▶ _REQUIRED ACTION_
Would you give again, exactly as written, the lines from the opening of the records to the line with "Beechcraft Bonanza A36", that line included and pictures excluded?

Records from a data collection:
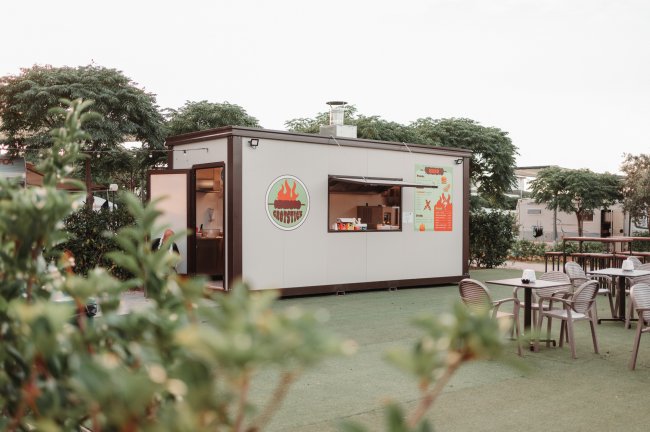 Un piccolo chiosco con un'insegna di hamburger, circondato da alberi e sedie all'aperto.
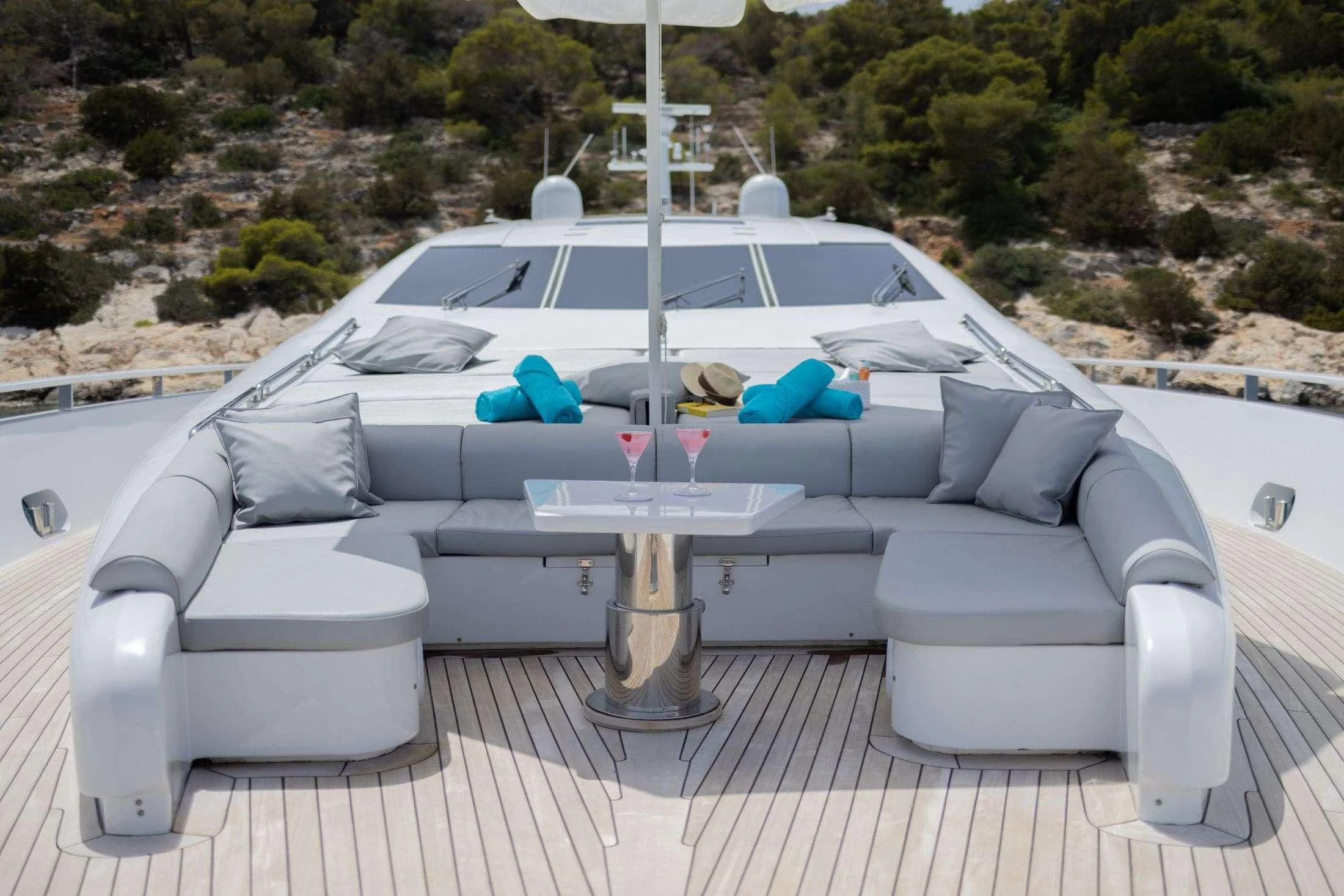 a white lounge chair with a table and a white sofa on a patio with trees and a hill aboard MAC Yacht for Sale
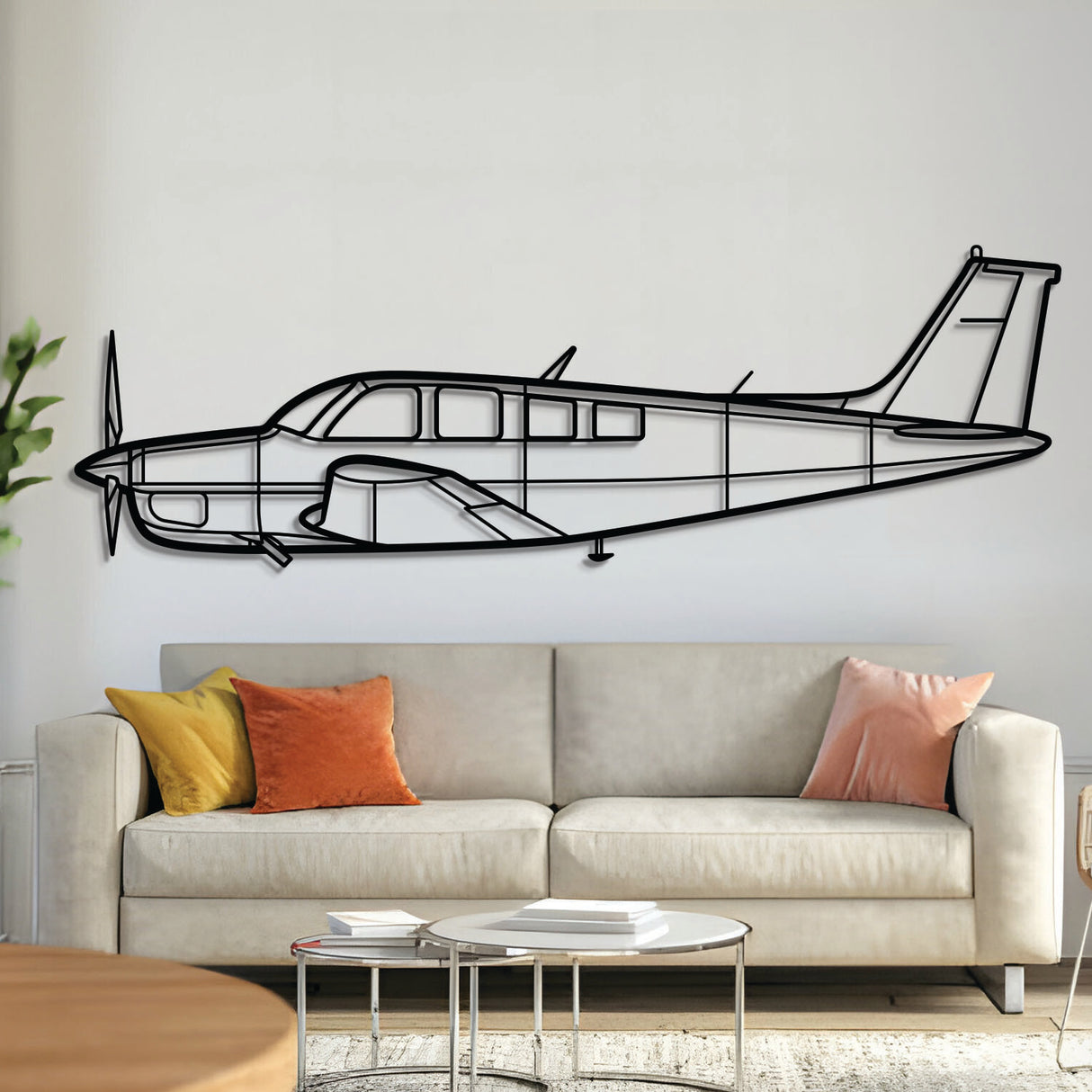 Beechcraft Bonanza A36 light aircraft silhouette — laser-cut black metal wall art with subtle floating effect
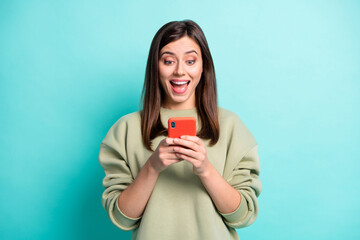 Sticker - Photo portrait of excited girl with open mouth holding phone in two hands isolated on vivid teal colored background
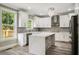 Well-lit kitchen showcasing a stylish island with quartz countertop and ample cabinet space at 4140 Camaron Way, Snellville, GA 30039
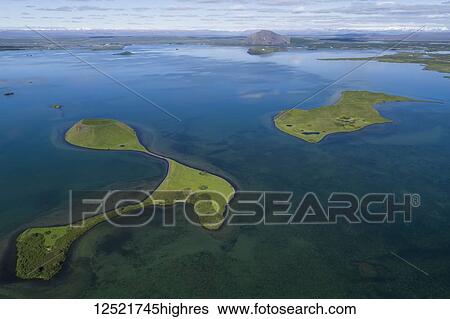 Stock Photograph - Extinct volcanoes in Lake Myvatn, Northern Iceland; Iceland. Fotosearch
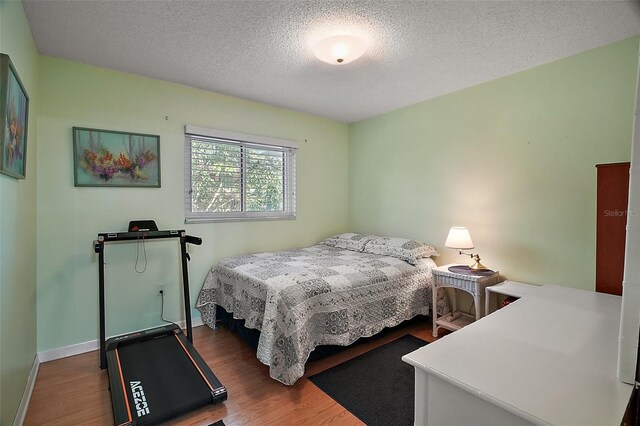bedroom with wood finished floors, a textured ceiling, and baseboards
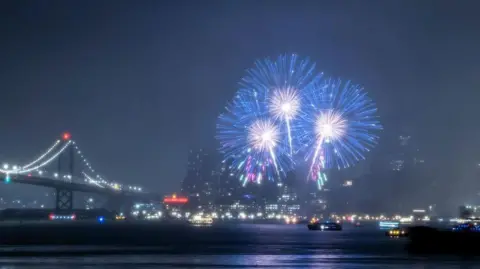 Fireworks light up the San Francisco Bay above the city skyline as seen from Treasure Island in San Francisco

▶ _THE ANSWER_
 Un piccolo chiosco con un'insegna di hamburger, circondato da alberi e sedie all'aperto.
 a white lounge chair with a table and a white sofa on a patio with trees and a hill aboard MAC Yacht for Sale
 Beechcraft Bonanza A36 light aircraft silhouette — laser-cut black metal wall art with subtle floating effect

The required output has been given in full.